WHAT YOU SHOULD DO: Starting at the line that contains "VIN 1N4AL3AP4FN390871 2015", write out each line through the end of the data below, exactly as it stands. Skip any pictures.

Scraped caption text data
..........

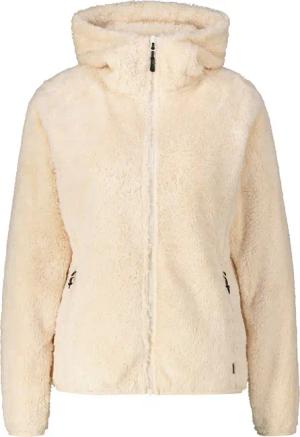 Meru Damen Roxburgh Jacke
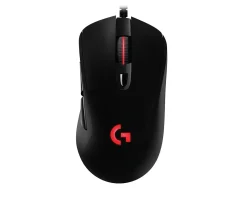Logitech Mice & Accessories|G403 Hero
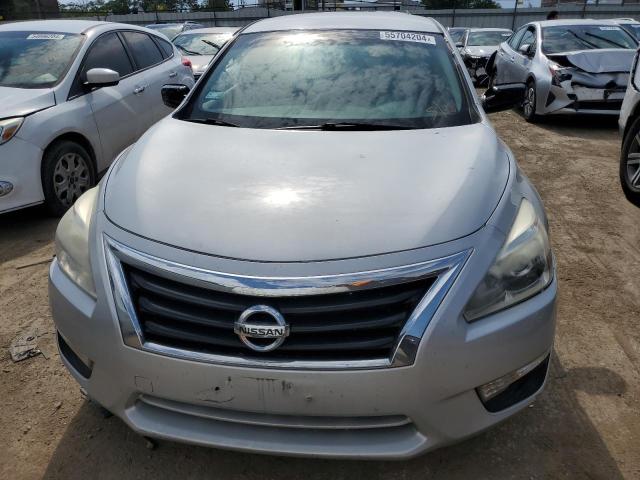 VIN 1N4AL3AP4FN390871 2015 Nissan Altima, 2.5 no.5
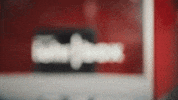Baumann_Automation bayern automation ausbildung zukunft GIF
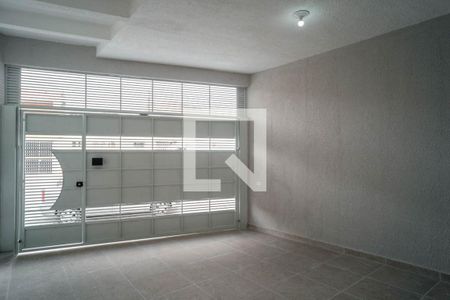 Casa para alugar com 200m², 2 quartos e 2 vagasGaragem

..........

EXERCISE ANSWER:
 VIN 1N4AL3AP4FN390871 2015 Nissan Altima, 2.5 no.5
Baumann_Automation bayern automation ausbildung zukunft GIF
 Casa para alugar com 200m², 2 quartos e 2 vagasGaragem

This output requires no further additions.